A leggere tutti i giorni quei cahiers de doléances si ha il termometro di una situazione che non è proprio quella di «una città in salute»; almeno dal punto di vista psicologico, si prospetta un contenitore di infelicità della gente comune. Rispondere con iniziative ai disagi denunciati potrebbe essere un altro modo per far “qualcosa di sinistra”, comunque di diverso rispetto a una destra destra la cui leader per i giornali mostra d’aver l’orticaria, visto che preferisce imporre video spot sui social (che le tv devono riprendere) alle conferenze stampa. 

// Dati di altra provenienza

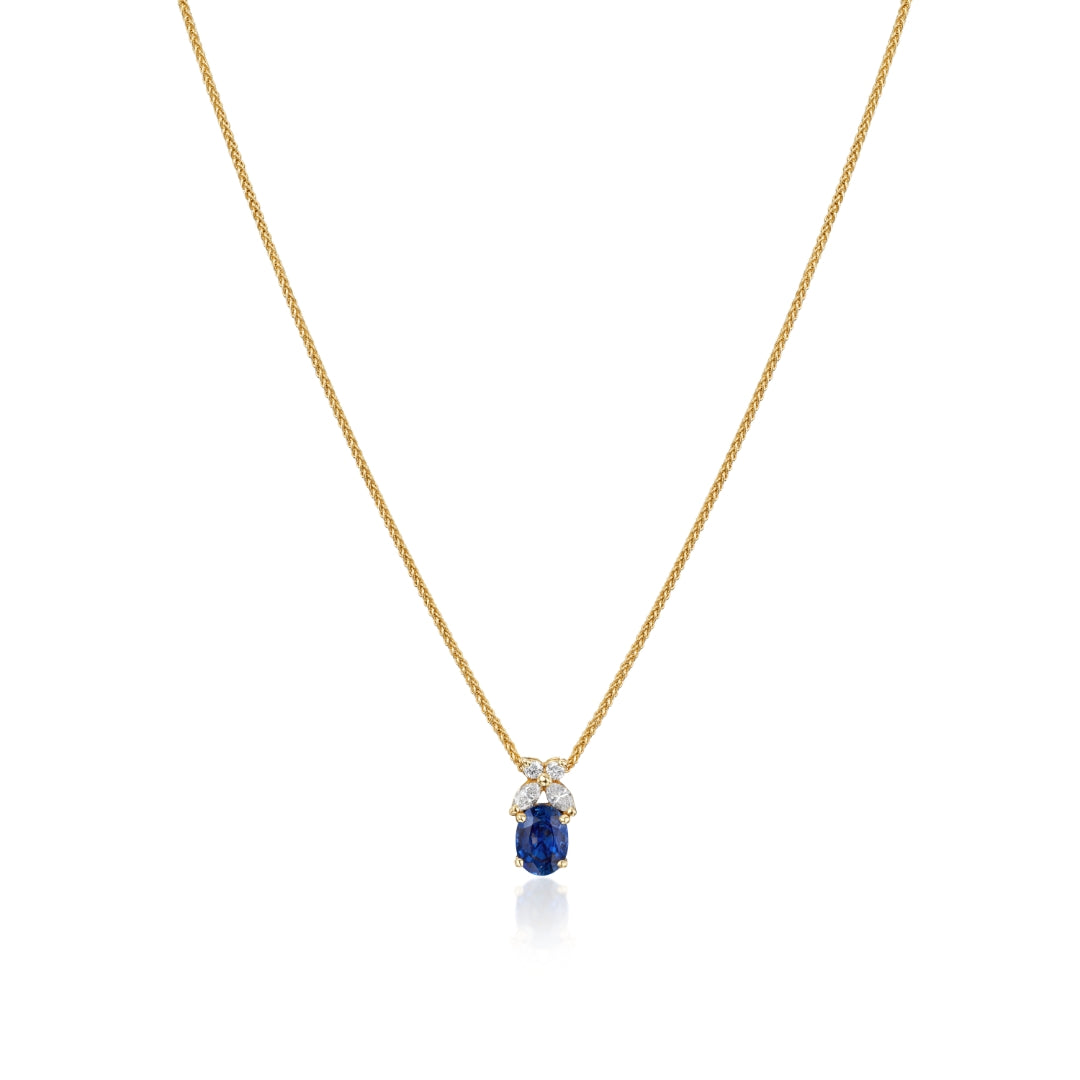 Sapphire and Diamond Pendant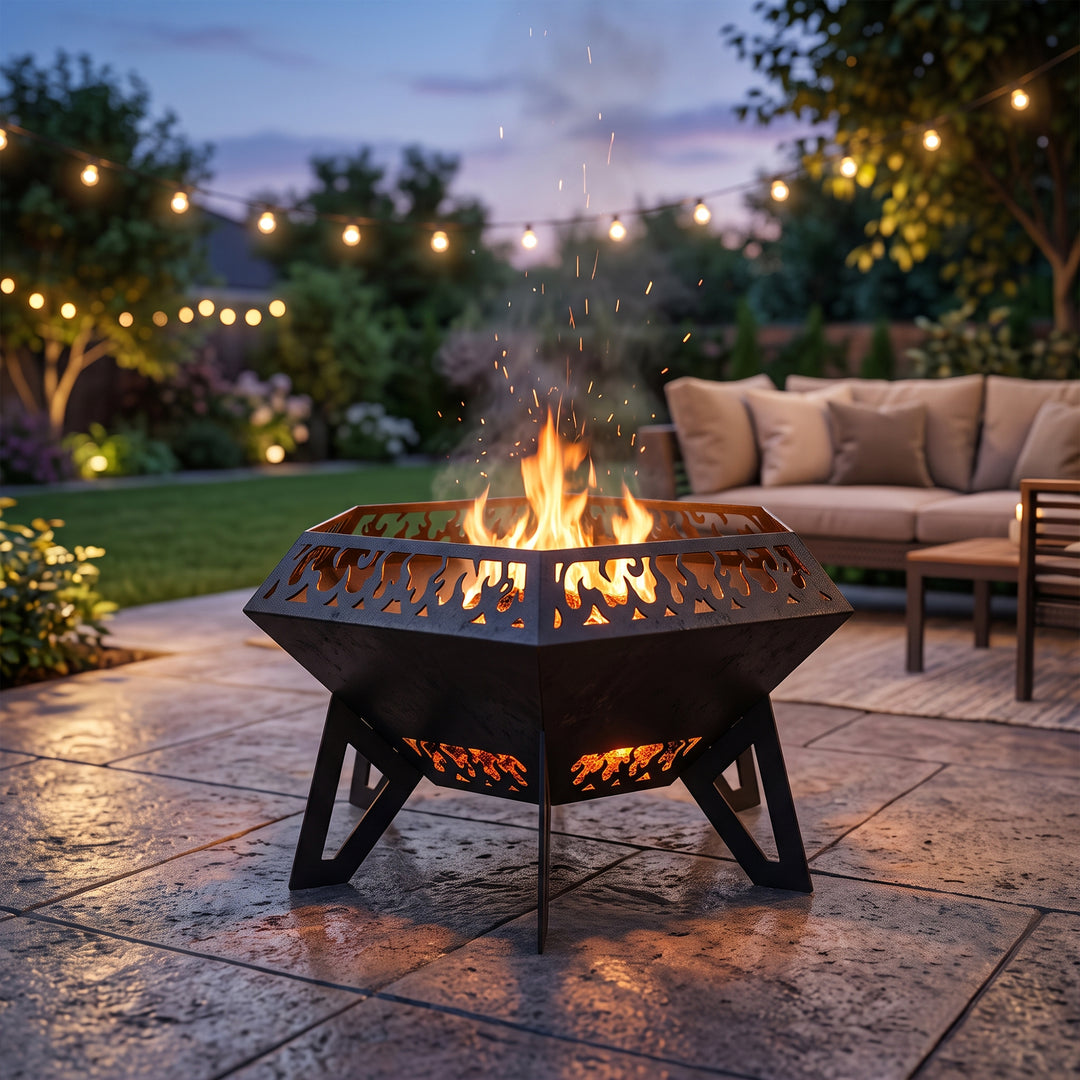 Diamond Outdoor Fire Pits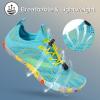 imageHiGropcore Barefoot Shoes Women Men Hike Minimalist Shoes Wide Toe Box Zero Drop Grounded Footwear for Hiking Walking Daily WearE  Cyan Blue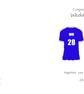 Football shirt Wedding Day Card, personalised with any team, names and date. - Image 5
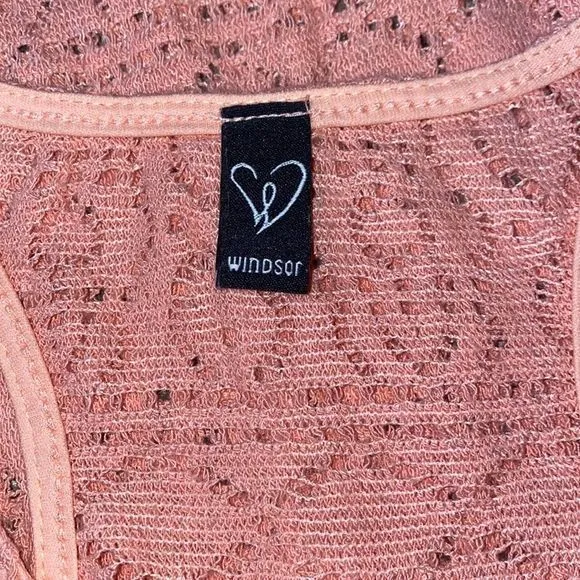 5/$30 🎈 Windsor small pink lace‎ knit tank top - Image 5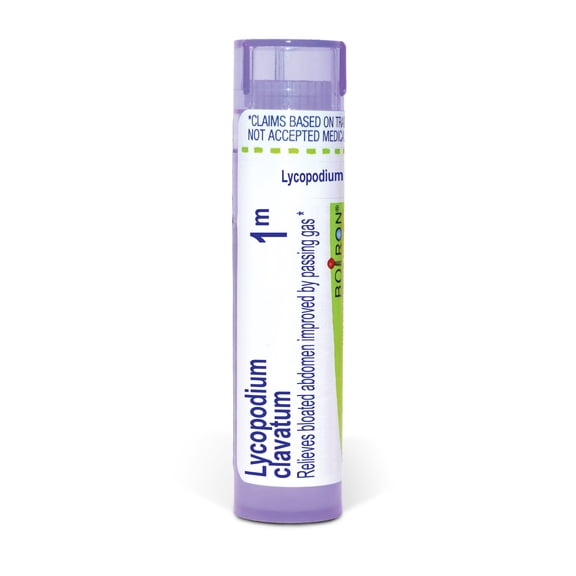 Boiron Lycopodium Clavatum 1M, Homeopathic Medicine for Bloated Abdomen Improved By Passing Gas, 80 Pellets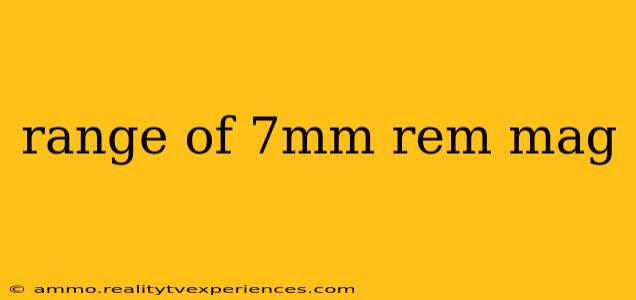 range of 7mm rem mag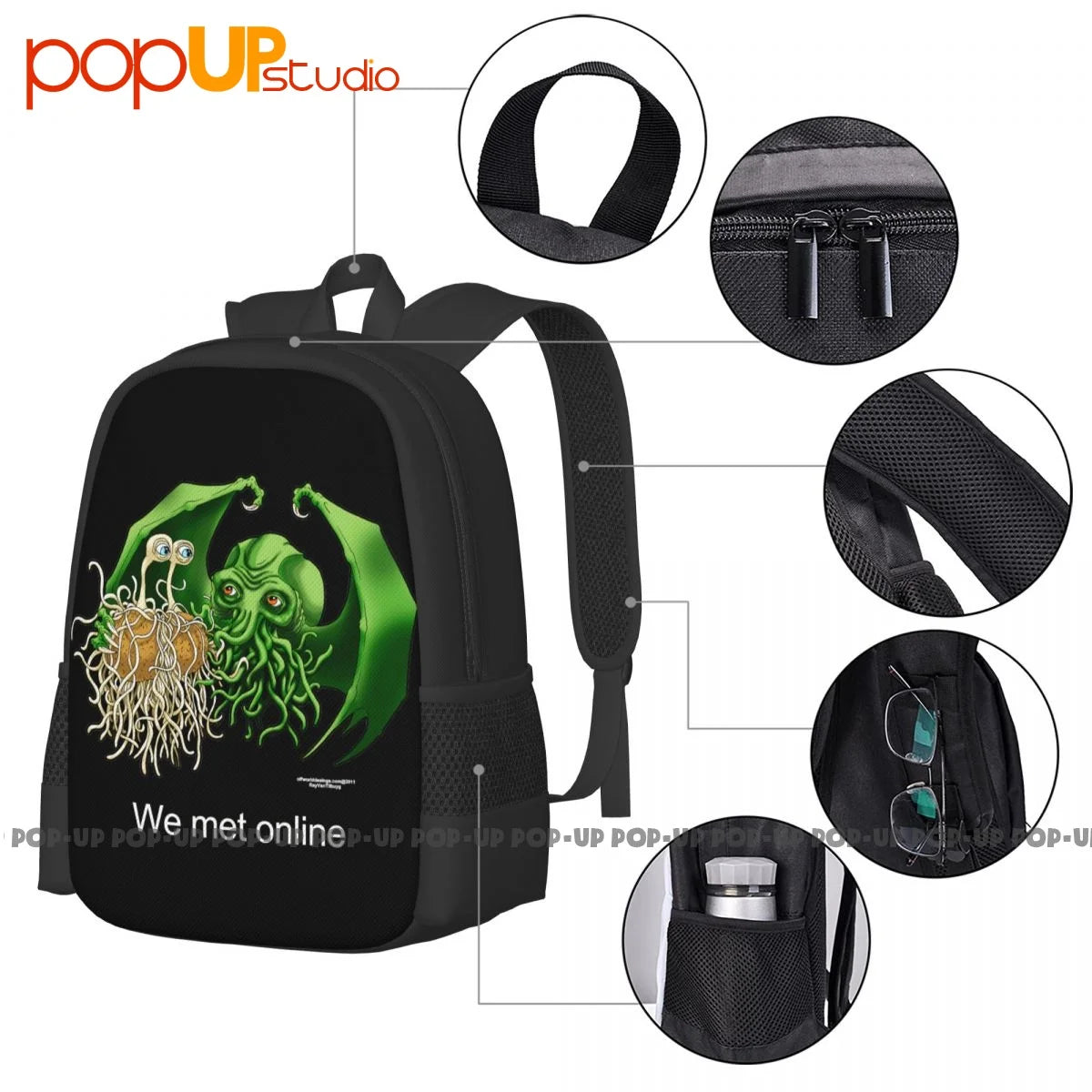 FSM Backpack Portable Storage Bag Outdoor Running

E la classe dirigente che la sostiene immagina la galera per i giornalisti o querele e azioni civili che al di là di quanto effettivamente riusciranno a portare nelle casse di singoli o del partito producono un chiaro effetto intimidatorio. Cioè l’opposto della democrazia nata dalla Resistenza al nazifascismo, dalla Costituzione, dalla Repubblica. Insomma un mondo ideale, culturale, umano, civile da cui Milano è sempre stata abitata. Ed ora? Che le sta accadendo?